(Captioned web images)

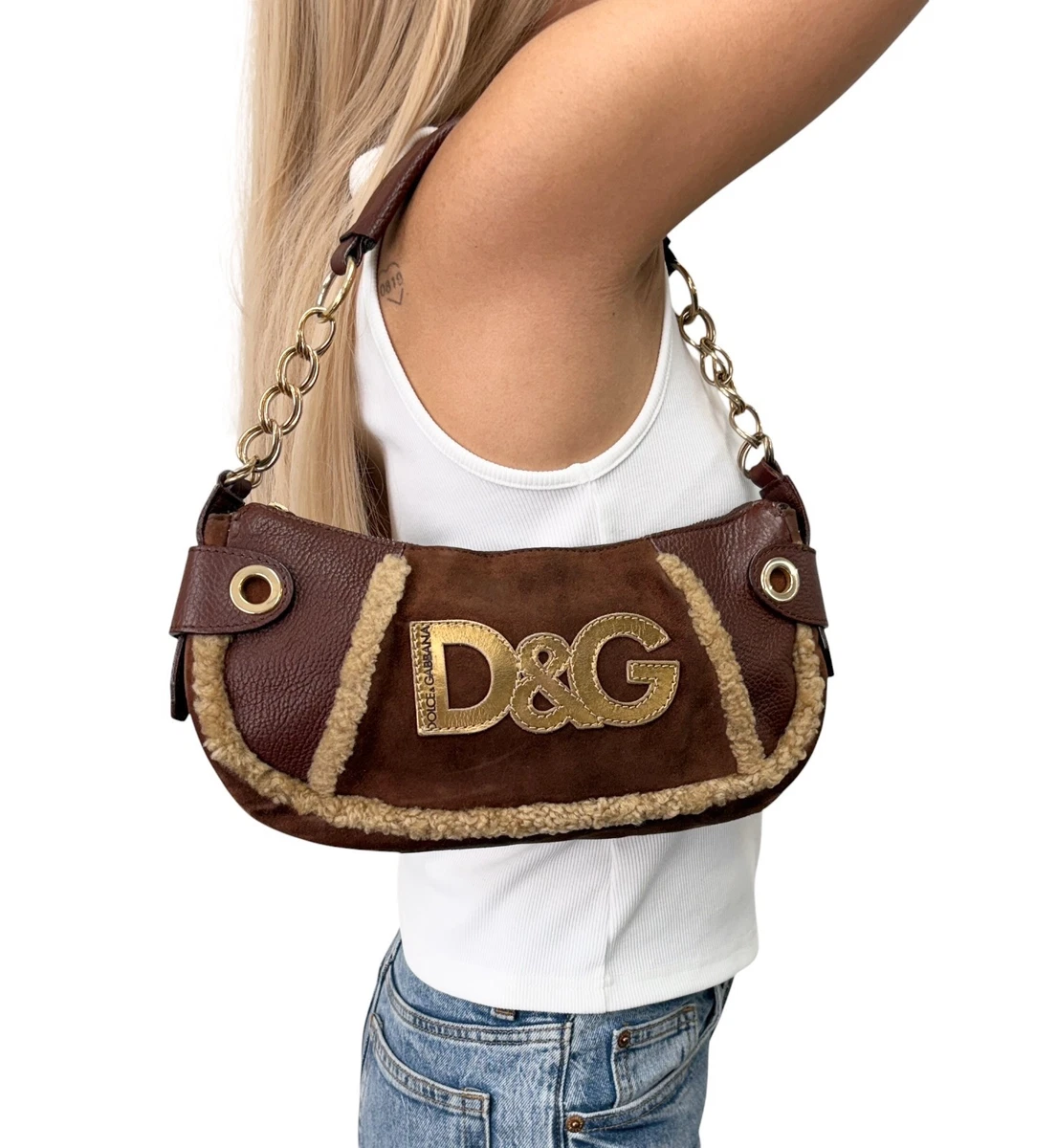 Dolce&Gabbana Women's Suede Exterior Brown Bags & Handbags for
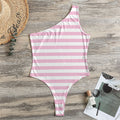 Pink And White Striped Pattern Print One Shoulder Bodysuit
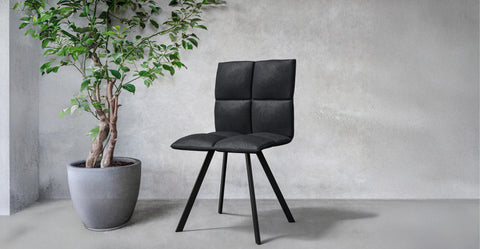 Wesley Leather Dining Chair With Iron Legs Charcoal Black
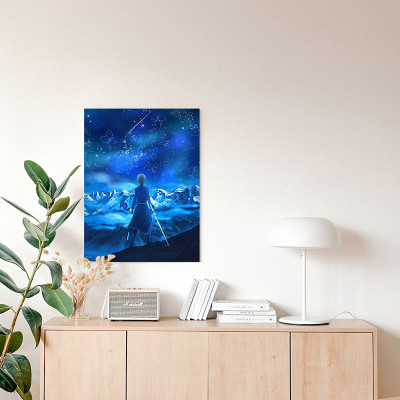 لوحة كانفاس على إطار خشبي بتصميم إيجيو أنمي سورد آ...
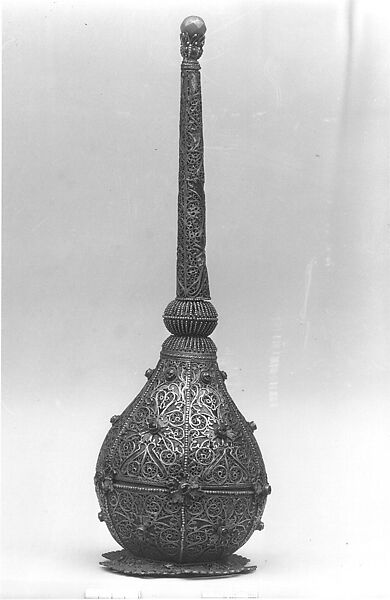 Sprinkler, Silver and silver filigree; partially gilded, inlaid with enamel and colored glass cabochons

What you should do: Could the entries above be returned verbatim, with no pictures included?

Answer box:
 Dolce&Gabbana Women's Suede Exterior Brown Bags & Handbags for
 Pink And White Striped Pattern Print One Shoulder Bodysuit
 Wesley Leather Dining Chair With Iron Legs Charcoal Black
 لوحة كانفاس على إطار خشبي بتصميم إيجيو أنمي سورد آ...
 Sprinkler, Silver and silver filigree; partially gilded, inlaid with enamel and colored glass cabochons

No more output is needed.